### What you are asked to do
Return only the lines of the data below from the line with "Fondo abstracto negro" up to and including the line with "Dramatic portraits showcasing", exactly as written, with the pictures omitted.

### Exercise data

####################

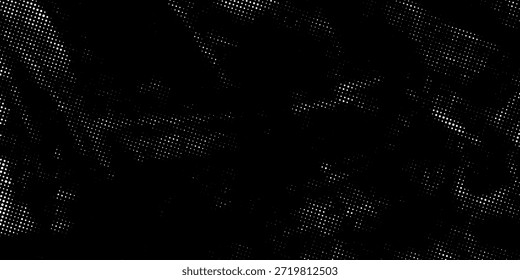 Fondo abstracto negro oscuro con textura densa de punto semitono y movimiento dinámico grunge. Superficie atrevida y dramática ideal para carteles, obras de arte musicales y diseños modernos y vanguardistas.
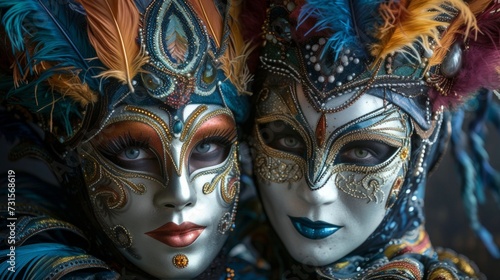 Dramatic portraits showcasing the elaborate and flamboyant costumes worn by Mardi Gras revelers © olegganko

####################

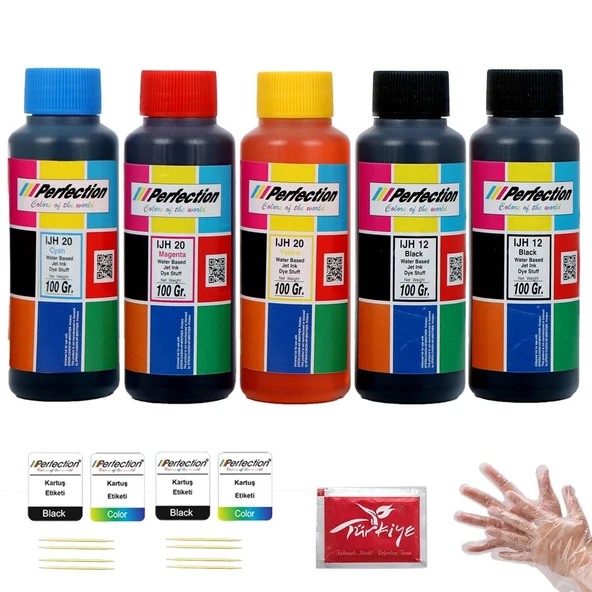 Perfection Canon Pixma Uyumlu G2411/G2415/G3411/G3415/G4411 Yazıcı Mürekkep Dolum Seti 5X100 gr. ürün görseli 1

####################

### Completed exercise
 Fondo abstracto negro oscuro con textura densa de punto semitono y movimiento dinámico grunge. Superficie atrevida y dramática ideal para carteles, obras de arte musicales y diseños modernos y vanguardistas.
 Dramatic portraits showcasing the elaborate and flamboyant costumes worn by Mardi Gras revelers © olegganko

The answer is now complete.